**The problem:**
In full and exactly, reproduce the entries below, but omit the pictures.

**Provided material:**
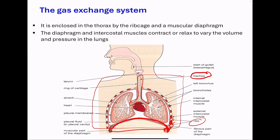Next, we talk about the bronchi. Here we have the left bronchus. Bronchus is singular, and bronchi is plural. The bronchi are tubes that lead to the lungs, with cartilage to keep them open. Then we go to the bronchioles. These are small tubes that spread through the lungs and end in the alveoli. The alveoli are the main site for gas exchange in the lungs. The ribs are bony cartilage around the gas exchange system, basically for protection.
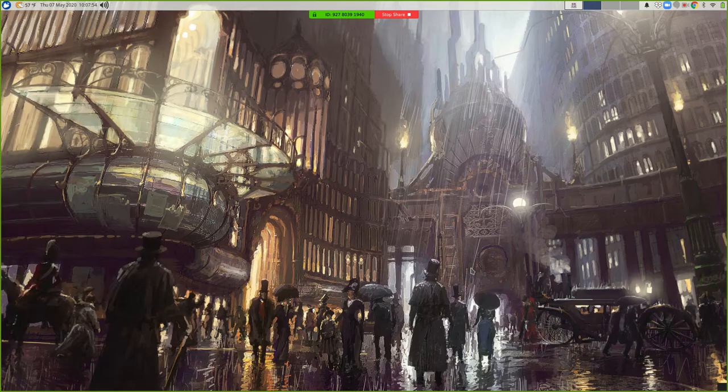Let me start by going through PA3, which is posted. Let's talk through the details of that, and then let's go into some other stuff like generics and PrintWriters and all that sort of stuff. Let's hop into PA3.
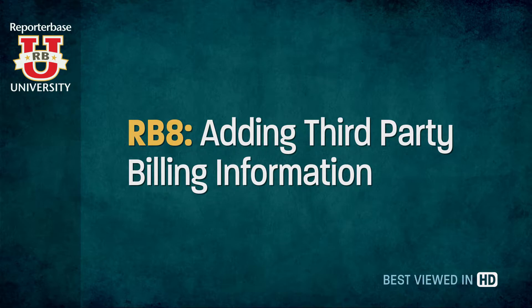This clip will show you how to input third party billing information in a job so that your biller doesn't have to remember to change the bill to when that time comes.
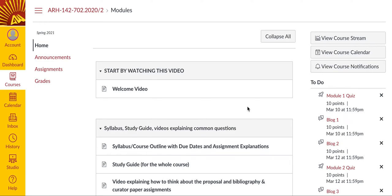I've recorded this video to help you understand how to navigate this course. When you first log into Canvas, you are taken into the home page for this class. In the home page, you can find all of the information for the course broken down into modules.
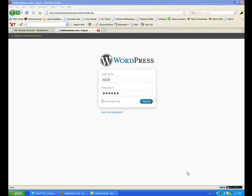All right, we're going to set up a WordPress blog today. Been a lot of questions about it. I'm making another blog, so I'll start from scratch.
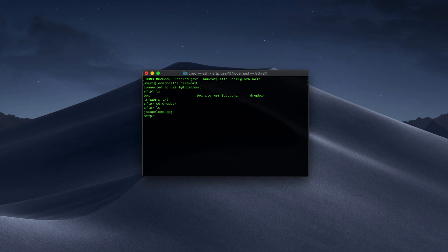That's it! Now you know how to configure Jscape MFT Server so that files uploaded to it by a particular user or users will be automatically stored in Dropbox.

**Answer space:**
Next, we talk about the bronchi. Here we have the left bronchus. Bronchus is singular, and bronchi is plural. The bronchi are tubes that lead to the lungs, with cartilage to keep them open. Then we go to the bronchioles. These are small tubes that spread through the lungs and end in the alveoli. The alveoli are the main site for gas exchange in the lungs. The ribs are bony cartilage around the gas exchange system, basically for protection.
Let me start by going through PA3, which is posted. Let's talk through the details of that, and then let's go into some other stuff like generics and PrintWriters and all that sort of stuff. Let's hop into PA3.
This clip will show you how to input third party billing information in a job so that your biller doesn't have to remember to change the bill to when that time comes.
I've recorded this video to help you understand how to navigate this course. When you first log into Canvas, you are taken into the home page for this class. In the home page, you can find all of the information for the course broken down into modules.
All right, we're going to set up a WordPress blog today. Been a lot of questions about it. I'm making another blog, so I'll start from scratch.
That's it! Now you know how to configure Jscape MFT Server so that files uploaded to it by a particular user or users will be automatically stored in Dropbox.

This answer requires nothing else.